This was a couple of weeks ago, right after Indiana exited March Madness stage left, possibly before the shock had worn off. So I'll give this Indiana fan I bumped into the benefit of the doubt.
"I don't think either Zeller or Oladipo is going pro," Indiana Fan said.
"Neither one of 'em are ready," he went on. "And I don't think Oladipo's an NBA player. I expect to see him in the D-League."
Like I said: Shock. And maybe a dash or two of wishful thinking.
Because, listen, nothing short of gridlock in Washington was more sure than what happened today, which was Victor Oladipo announcing he was going to the NBA. He's graduating in May, for one thing. For another, the pros love, absolutely love, everything about the kid, and in particular what the kid can become. His stock will never be higher after making a quantum leap this season from nice player to possibly transcendent player.
So, he goes, and good for him. And now everyone waits to see what Cody Zeller will do.
Word has it he'll announce tomorrow, and if he doesn't also take his leave I'll be stunned. I didn't used to think this way. As recently as two weeks ago, after his virtual disappearing act in the loss to Syracuse, I figured he could use another year in Bloomington, because he clearly didn't look ready for the NBA.
But that was before I saw Kevin Ware shatter his leg, and started wondering what Zeller must have thought when he saw that. And it was before I stopped to consider a fundamental truth: If you've got upside, the NBA doesn't really care whether or not you're ready for the NBA. The NBA figures it can make you ready.

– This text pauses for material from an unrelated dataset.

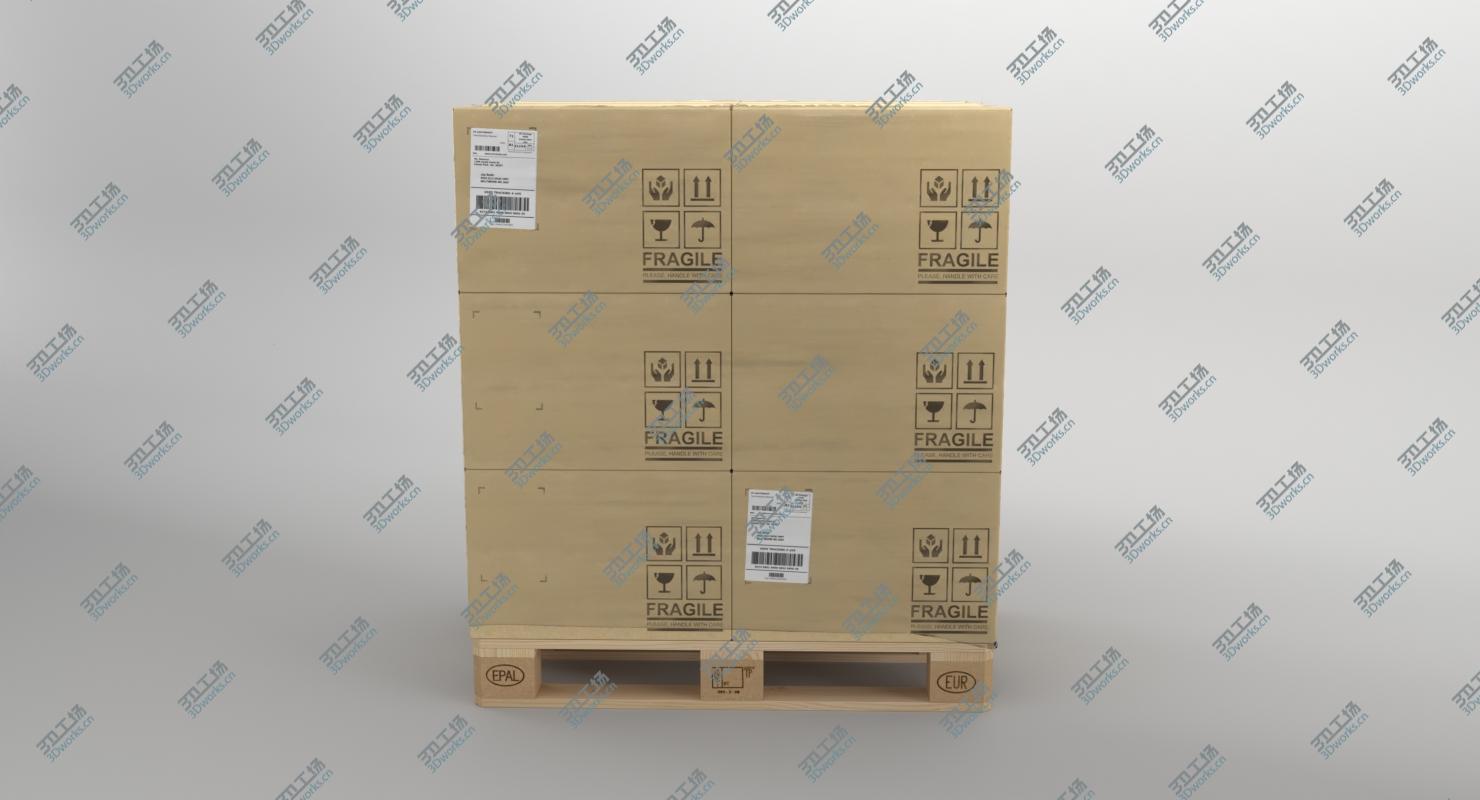 images/goods_img/2021040161/Pallet With Boxes model/2.jpg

The league traffics in potential, not the here and now, which is why, from what I hear out there, Zeller figures to be a lottery pick if he comes out. That he's occasionally been overmatched by bigger, more physical players inside won't much matter to whoever gets him, because whoever gets him will no doubt put him on a weight regimen to bulk him up.
And, besides, it's not like he'll be playing with his back to the basket in the League, anyway. With his ability to run the floor and drop the mid-range jumper as a 7-footer, he's a classic power forward at the next level. Developed properly, he'll be the ideal trailer on the break, and could occasionally even fill a lane on it.
For a man his size, he's got a unique skill set -- a skill set for which someone will eagerly pay extravagantly. So if the money's out there, Zeller's got to take it.
Now. Before what happened to Kevin Ware can happen to him.